ここは気合を入れて、吸血蚊を討伐してやる。」


俺は吸血蚊に勝つための方法を考える。


まず、蚊に勝つ方法だが、蚊と言えばやはり除虫菊の成分を燃やすアレだな。


除虫菊なんてこの世界にあるのか? んんっ、あるじゃないか!


草むらを何気に鑑定したところ、除虫菊が大量にあることが分かった。


「まずは除虫菊を刈り取って集めるっと。


次に辺りの草むらを焼き払い広い空間を確保してっと。


それから今刈り取った草に火をつけてその上に除虫菊を置く。」


刈り取ったばかりの草は水分が多い。だから火をつけてもなかなか燃えない。


しばらくすると乾き出した下の方から火が付き、大量の煙がでる。


その上に除虫菊を乗せることで除虫菊を適度に乾燥させ火を着き易くするのだ。


「よし、とりあえずこれで準備は完了だ。」




夜になると俺は、焼き払って草の無くなったサークルの中心に立っている。

もちろん目の前には積み上げられた除虫菊。丁度いい塩梅に乾いている。


やがてどこからともなく ぶーん という音が聞こえてきた。


1匹、2匹 いや数えきれない大軍だ。


やがて草むらから吸血蚊の姿が見えた。


「でけー!」


体長が20センチ近くある。


あんなの数匹に襲われただけで失血死してしまうぞ。


俺は吸血蚊が俺の周りに集まってくるのを恐怖と戦いながらひたすら待つ。


やがて、ほぼ全ての吸血蚊が草の無いサークル内に入った瞬間、俺は自身の気配を消した。


目的を見失った吸血蚊達はその場で俺を探している。


俺はサークルの周りの草むらに火魔法で火を着けた。


サークルの周りには、除虫菊をいぶすために使用した大量の乾いた草を撒いておいたのだ。
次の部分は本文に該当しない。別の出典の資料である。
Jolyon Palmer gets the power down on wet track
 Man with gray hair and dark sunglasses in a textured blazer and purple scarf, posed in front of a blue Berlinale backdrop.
乾いた草はその場の強風と相まって瞬く間にサークルを取り巻く。


火と煙にパニックになった吸血蚊はお互いにぶつかり合い、火に焼かれるものも多くいた。


徐々に中心部、そう除虫菊の上に集まった吸血蚊達。


「よし、いまだ。」


俺は除虫菊に火魔法を放つ。


除虫菊は勢いよく燃え出し、瞬く間にサークル中をその煙で埋め尽くし吸血蚊に襲い掛かったのだった。